ACTIVITY:
Although the records contain pictures, print none of them; print exactly the lines from the one with "6일 이재명 더불어민주당" through the last line.

ENTRIES SUPPLIED:
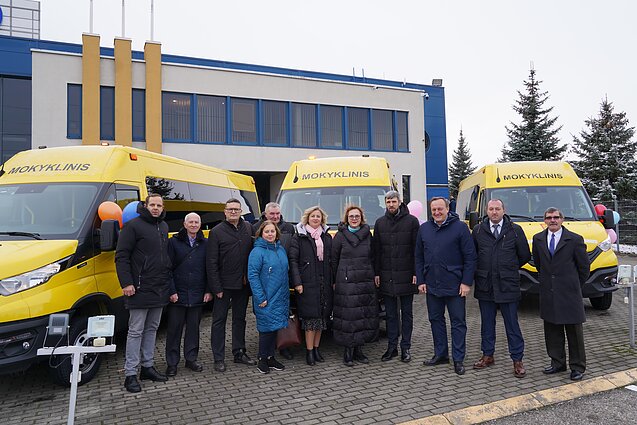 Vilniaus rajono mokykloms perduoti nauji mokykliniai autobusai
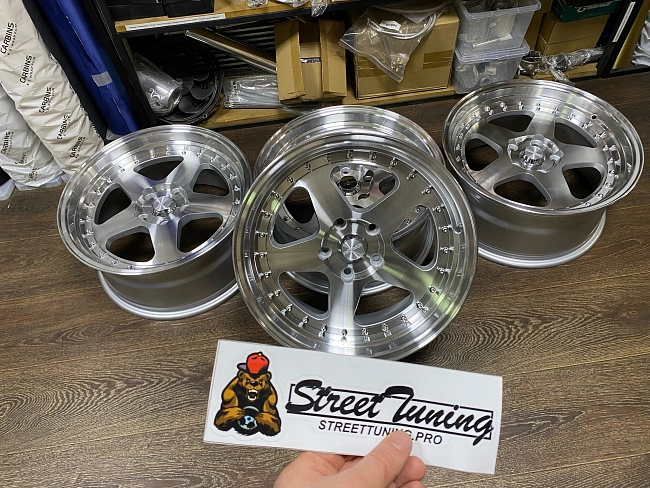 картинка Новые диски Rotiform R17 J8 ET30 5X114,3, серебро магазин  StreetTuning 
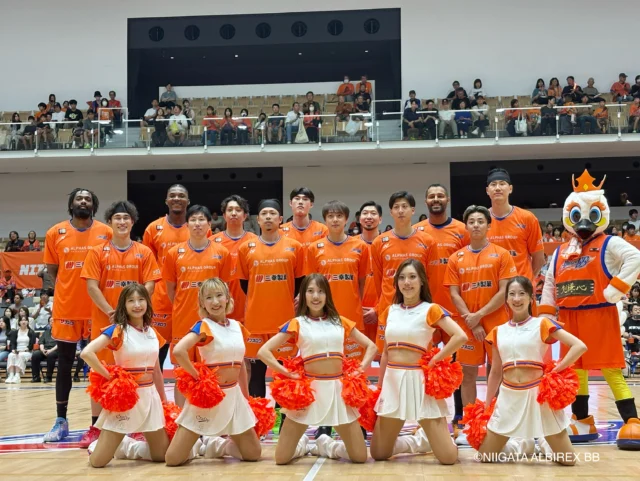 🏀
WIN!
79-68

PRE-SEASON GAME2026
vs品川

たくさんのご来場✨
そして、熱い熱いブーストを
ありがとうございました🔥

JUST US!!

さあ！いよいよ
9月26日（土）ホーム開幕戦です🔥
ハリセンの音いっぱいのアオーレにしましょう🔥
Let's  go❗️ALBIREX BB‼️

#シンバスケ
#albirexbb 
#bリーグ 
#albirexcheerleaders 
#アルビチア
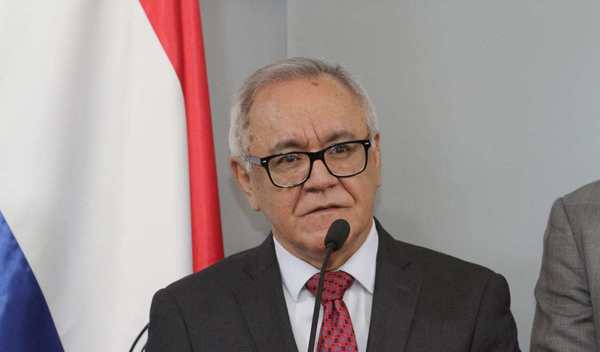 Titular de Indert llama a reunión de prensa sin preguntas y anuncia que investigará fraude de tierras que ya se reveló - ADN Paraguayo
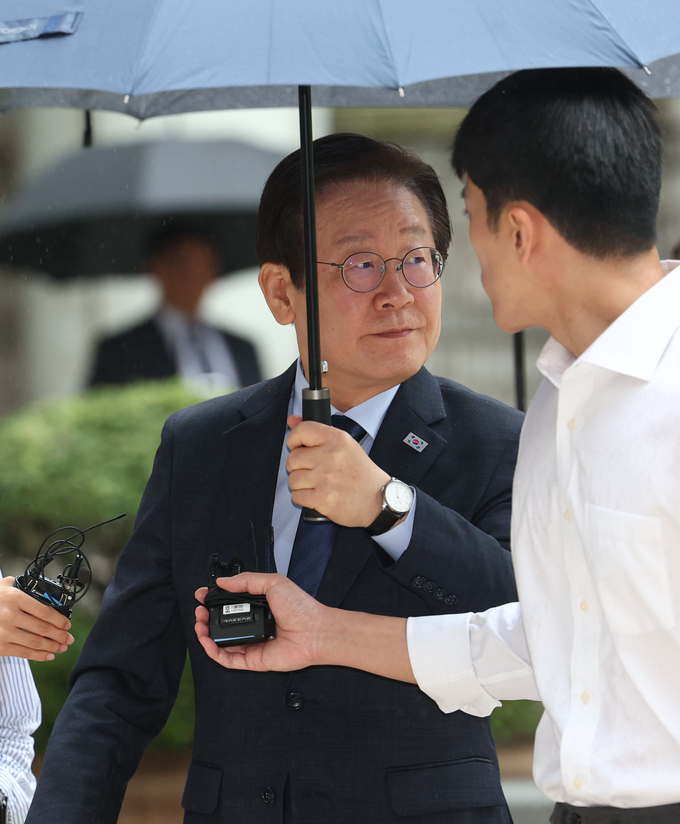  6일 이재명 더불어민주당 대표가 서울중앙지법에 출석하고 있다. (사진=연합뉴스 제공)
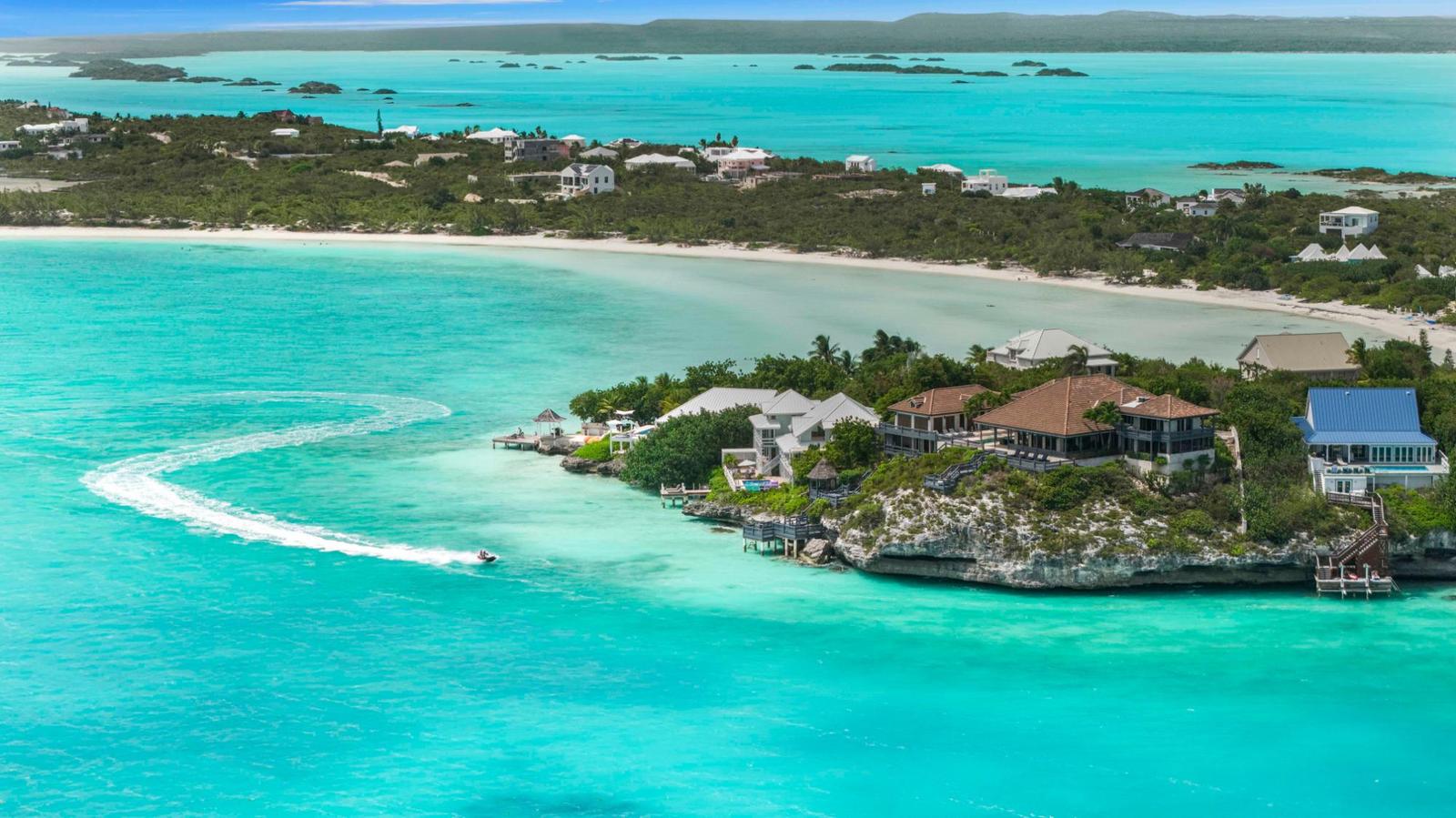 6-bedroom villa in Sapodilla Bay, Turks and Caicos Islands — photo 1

SOLUTION BELOW:
  6일 이재명 더불어민주당 대표가 서울중앙지법에 출석하고 있다. (사진=연합뉴스 제공)
 6-bedroom villa in Sapodilla Bay, Turks and Caicos Islands — photo 1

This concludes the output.